Чуть позже, после этих событий, окончившихся победой, Тарковский, известный затворник, сознательно согласился «работать с молодыми» – так это тогда называлось.
Наш знаменитый СМОГ взорвал изнутри всю московскую литературную жизнь. Так просто, без наказания кому полагается, без бдительного надзора над всеми, ни власти, ни кагэбешники оставить все это уже не могли. С молодыми надо было что-то делать, иначе – иначе мало ли чего можно от них еще ожидать? И так на Западе сколько о них пишут и говорят. Вся молодежь тянется к этим смогистам. Значит, прежде всего, надо взять всю пишущую молодежь под свой контроль. Для этого срочно учредили разные литературные секции при союзе писателей, непосредственно для молодых. Постановили – сделали. Но не назначать ведь руководить этими секциями кондовых своих литературных функционеров. Да к ним и на пушечный выстрел никто из молодежи не подойдет! Нужны – серьезные, уважаемые молодежью люди. Для такого дела даже известные своей принципиальностью и определенной позицией но отношению к режиму поэты годятся. А что? К ним и пойдут. Ну вот например – к Тарковскому. Предложило ему писательское начальство вести одну из секций. Тарковский взял да и согласился. И пишущая молодежь к нему не просто пришла – валом повалила. И плевать всем было на контроль и надзор. Поэзия – вот что было прежде всего и выше всего.
Арсений Александрович очень высоко ценил мои стихи. Это было – его, собственное, мнение. Это было – его суждение. Так он считал.
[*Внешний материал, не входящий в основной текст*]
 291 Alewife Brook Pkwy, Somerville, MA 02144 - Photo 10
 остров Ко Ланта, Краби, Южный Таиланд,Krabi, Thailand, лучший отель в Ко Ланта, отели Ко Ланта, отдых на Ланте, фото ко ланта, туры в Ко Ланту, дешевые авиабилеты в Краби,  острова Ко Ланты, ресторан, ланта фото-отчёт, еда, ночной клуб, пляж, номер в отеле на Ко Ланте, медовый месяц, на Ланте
Так и говорил.
Еще тогда, в шестидесятых, мне самые разные люди, с разных сторон, имеющие хоть какое-то отношение к литературе, сами пишущие или просто любители, всегда присутствующие на поэтических сборищах, то по отдельности, то порой и сразу в несколько голосов, говорили – со значением, с придыханием, с закатыванием кверху глаз и прочими, подчеркивающими, видимо, по их понятиям, передаваемые ими слова ужимками, гримасами и речевыми эффектами, все твердили, твердили, кто – полушепотом, кто – нарочито громко, чтобы все вокруг услышали, – что вот, мол, Арсений Александрович Тарковский уж так ко мне серьезно относится, уж так обо мне хорошо всегда говорит, что это прямо сверхсобытие, да и только.
Всем известно было, что Тарковский, человек вообще сдержанный в проявлении своих эмоций, да к тому же и чрезвычайно скупой на похвалы, если не сказать больше, так вот просто, для красного словца, говорить, а тем паче хвалить кого-нибудь, никогда и ни за что не станет. Значит, есть, действительно есть что-то этакое в этом Алейникове, если Тарковский и тот расщедрился вдруг, перешел даже на всякие там высокие слова.